China, the world’s largest automotive market, is seen to be working towards recovery of the economy of the automobile market, and a rebound has been observed in vehicle sales as of March 2020. Other regions around the globe continue to face a worsening pandemic situation every day, let alone a significant portion of the global market declining in its own losses and mishaps. Lockdowns are being administered by most countries to prevent the spread of the novel Coronavirus strain, and original equipment manufacturers (OEMs) of the automotive industry and the suppliers across the Americas, Europe, and parts of Asia have progressively suspended operations at various production locations owned by them.

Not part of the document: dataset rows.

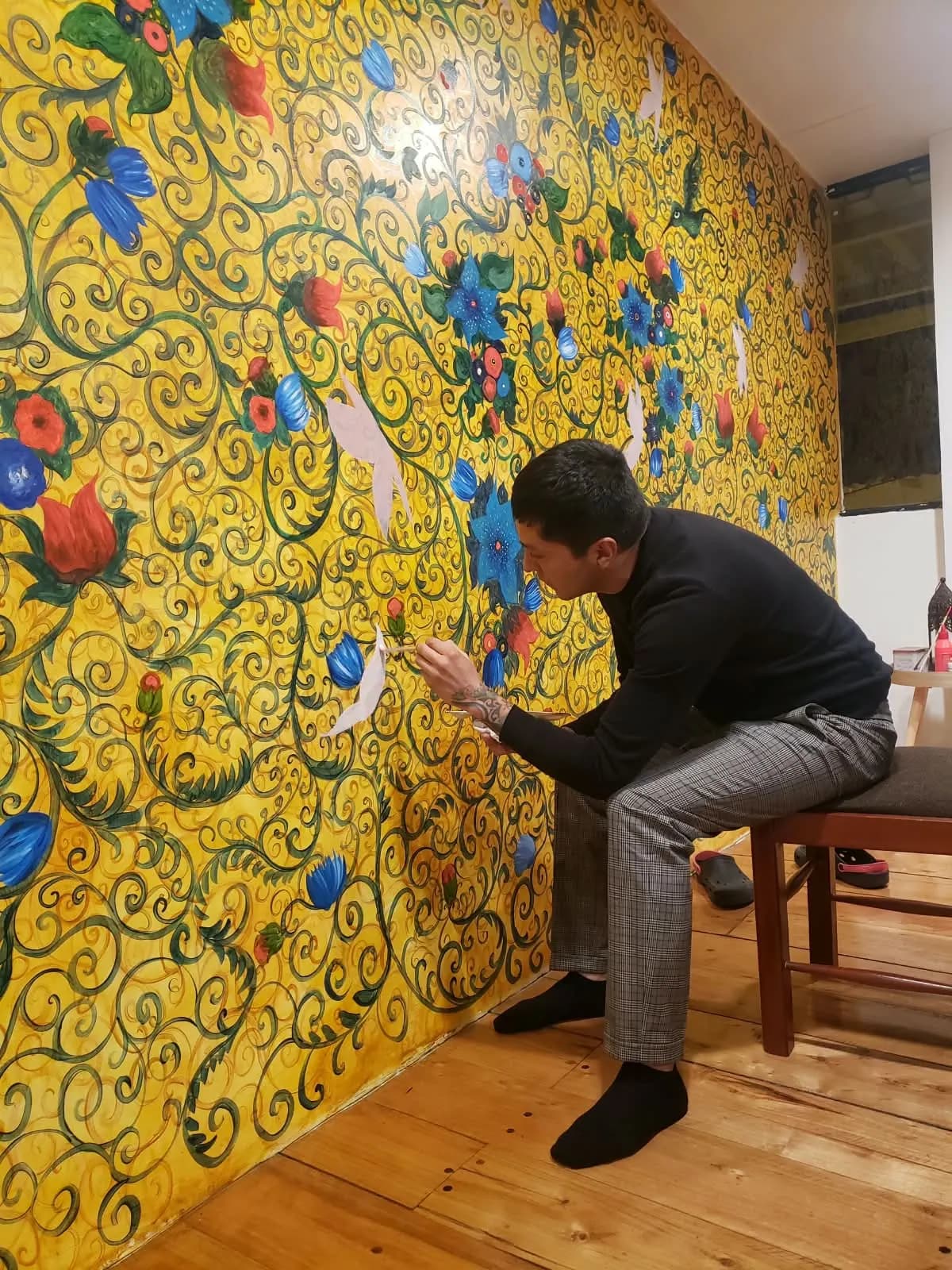 Detalle de Joan Alfaro añadiendo flores a un mural del hotel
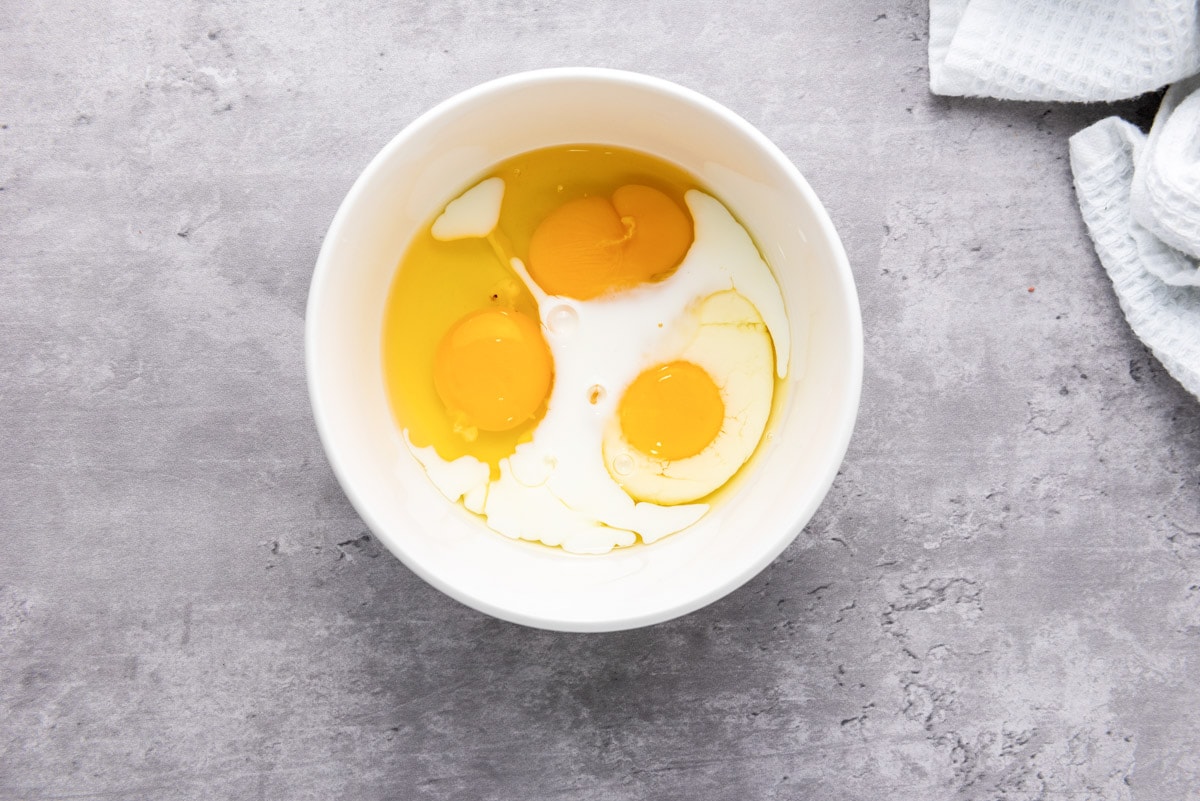 raw eggs cracked into white bowl with milk sitting on grey counter.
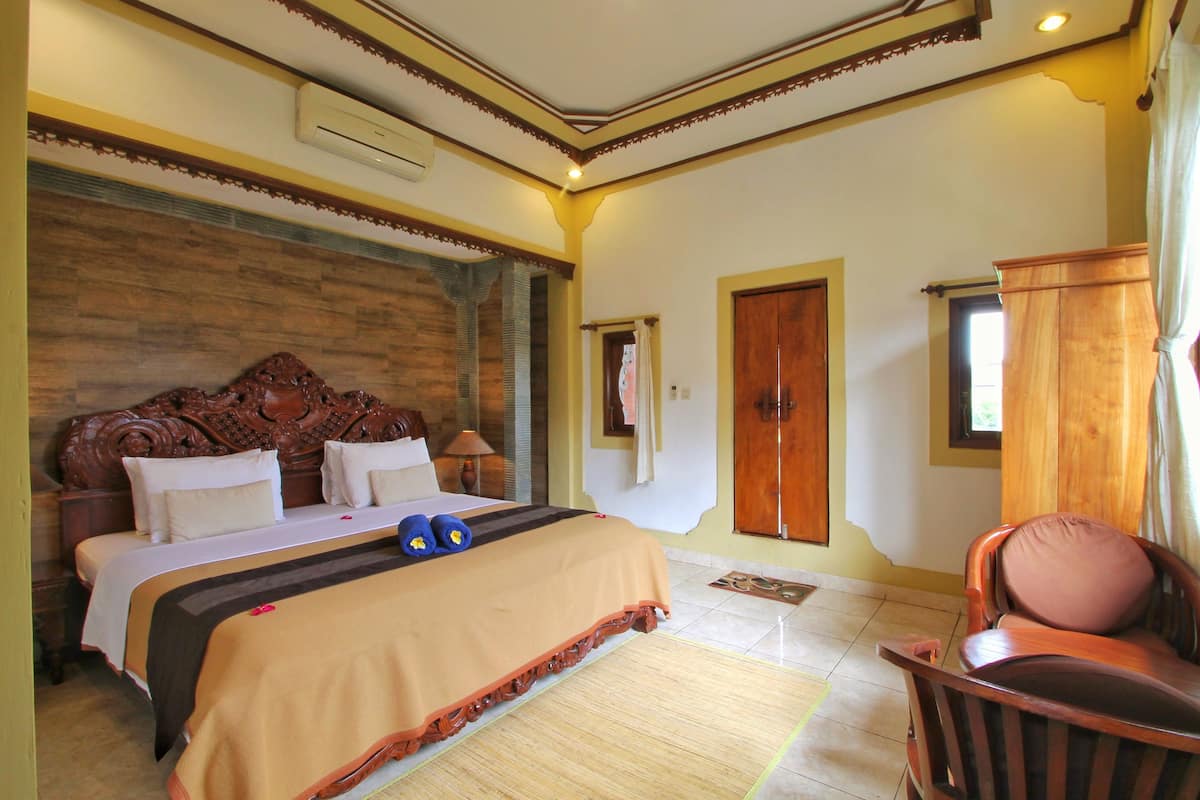 Un dormitorio con una cama grande, cabecera de madera y una silla de madera.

Fiat’s European factories have already closed down temporarily in lieu of the prolonged and prevalent pandemic, with over 4% of Europe’s total output being shut down as its Italian factories—that produced 600,000 units annually—are temporarily closed down. Volkswagen is seen to follow the routine, but its main factory at Wolfsburg has been reported to be running for the time being. Various other car manufacturers in the continent have also halted production in the UK, with many more to follow suit. OEMs continue to work with their suppliers and vendors to ensure availability of parts under earlier planned volumes, despite the suspension of automotive manufacturing.

Automotive manufacturers based in the USA had relied on drawing down existing inventory, but now face running out of parts and labor lockdown. The eventual production loss is estimated to have a significant impact on the US economy and automobile sales, with over a loss of 90,000 jobs, and USD 7 billion in earnings vanishing every week.

Thanks to the novel Coronavirus outbreak in the continent, the Trump administration has promised an unprecedented USD 2 trillion recovery package, in a deal with the Senate’s members—both Democrats and Republicans. A share of these funds is expected to be focused on supporting the auto sector, both directly and indirectly. The exponential rise of COVID-19 cases in the Americas over few days has led to shut down expectations extending well into the year. Assuming that the recovery package can help boost the industry’s demand during the second and third quarters, with expectations of recovery by the fourth, the new-car demand is expected to drop by a margin of 17%, or three million vehicle units.

Industry versus pandemic:

The resultant rapid increase in unemployment rates around the world has led to the lowering of global GDP growth projections, or in some cases, wiped out completely. A global economic recession has been declared considering what is prevailing, and discretionary purchases of new vehicle units are expected to slow down across the world. China’s automotive manufacturers have resumed partial operations as the rate of infection dropped significantly in the country, including major players such as Toyota, which has reopened one of its plants in Guangzhou completely.

Following the recession that occurred in the bleak years of 2008 and 2009, policymakers have targeted the stimulation of vehicle demand to give the industrial economy a head start post-pandemic, by offering cash incentives for old cars; this is popularly referred to as Cash for Clunkers, a scrappage scheme to help jump start the automotive economy.

A revised global vehicle outlook is well in progress for the year of 2020, with the prolonging negative economic impact from the virus outbreak being faced by almost all global auto manufacturers. Research shows that about eight million vehicle units are being dropped across the three major automotive markets—China, North America, and Europe. This revised outlook takes into consideration a highly probable emerging scenario—the prevalence of COVID-19 and its impact continuing well into 2020. Global vehicle sales outlooks now point at an approximate drop of eighty million vehicle units—a steep 11.1% decline since 2019.

Weak demands, oversupply, and a looming recession that threatens the future of all markets around the globe—will automotive manufacturers survive the oncoming financial crisis? Only time will tell.